Making the Ipili Feasible

I haven’t been posting much on SM lately because I’ve had another project that has taken up most of my time — formatting my dissertation! Luckily it is now done, or at least in to the dissertation office at the University of Chicago. The dissertation, “Making the Ipili Feasible: Imagining Local and Global Actors at the Porgera Gold Mine, Enga Province, Papua New Guinea”:http://alex.golub.name/res/writing/Golub2006.pdf (1.5 meg PDF download) is now available for download at my website, but it is only semi-canonical — there may be changes to the formatting of the bibliography, page numbers, I haven’t checked that the PDF converted without a hitch from the Open Office version, etc. etc. The Official Version will be the UMI version, but that won’t be out for another eight months to a year, so I figured I will put this up. I am a notoriously poor speller and proofreader, so please do not tell me about typos in the final version — it will make me feel bad and might tip off the dissertation office. Anyway you now have 430+ pages of reading to make up for my lack of blogging.

Rex

Alex Golub is an associate professor of anthropology at the University of Hawai‘i at Mānoa. His book Leviathans at The Gold Mine has been published by Duke University Press. You can contact him at rex@savageminds.org

6 thoughts on “Making the Ipili Feasible

  1. Congratulations!–from a quick skim, mostly of the conclusion, it looks really interesting–I think I am committed this year, but maybe there is room for a AAA session on “cultural invention” that ISN’T about why it undermines the culture concept?

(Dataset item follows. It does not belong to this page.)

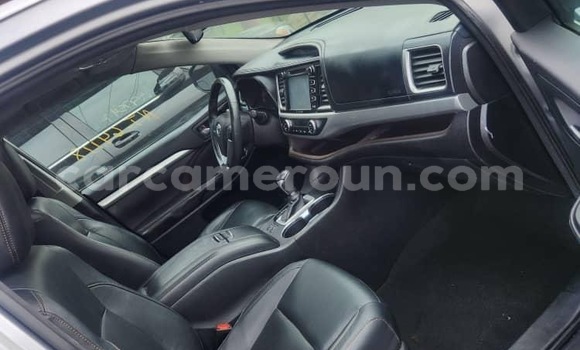 Acheter Neuf Voiture Toyota Highlander Autre à Douala, Littoral Cameroon Acheter Neuf Voiture Toyota Highlander Autre à Douala, Littoral Cameroon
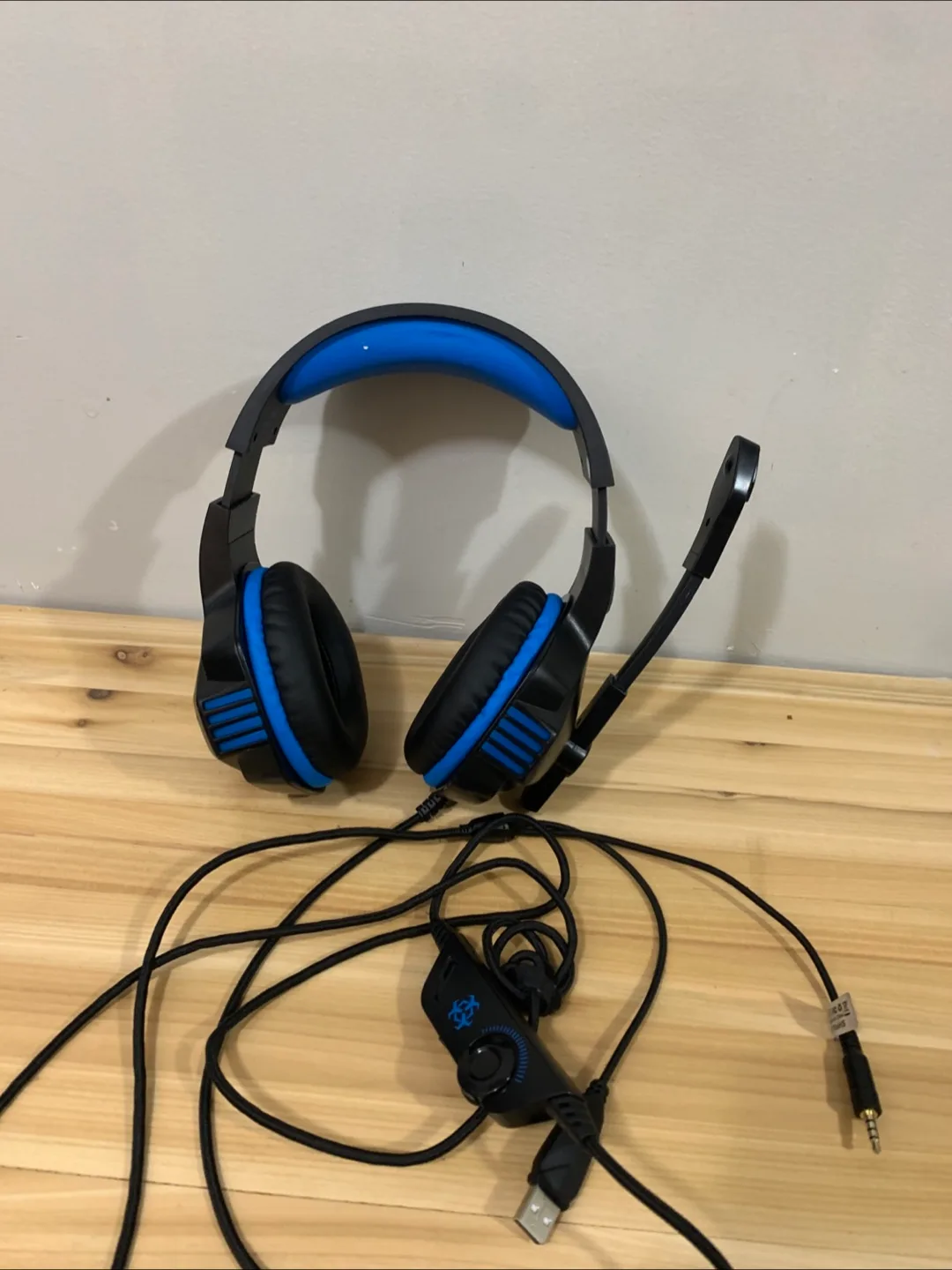 Gaming Headset thumbnail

  2. I would love to attend or participate in a AAA session about “‘cultural invention’ that ISN’T about why it undermines the culture concept. My dissertation research was about profound economic and social structural transformation that was still continuous with previous structures in Lisu (Tibeto-Burman, northern mainland Southeast Asia people) societies.

  3. Kate–as I said, committed this year, but seriously interested: I think more and more people feel this way about “cultural invention” but there is a need to articulate the point. My dissertation is about a series of more or less self-conscious inventions over the course of Maori resistance to colonialism and assimilation that similarly reflect (and help maintain) a kind of continuity that I would like to call “cultural” My email is cometjo777@gmail.com. It’s early, but perhaps we could at least plan to meet next year and plan something for the following AAA–or I could comment this year, but I’m committed with regard to a paper. Actually while I am writing, do Lisu do any sort of “cultural festivals”? Rex, interested?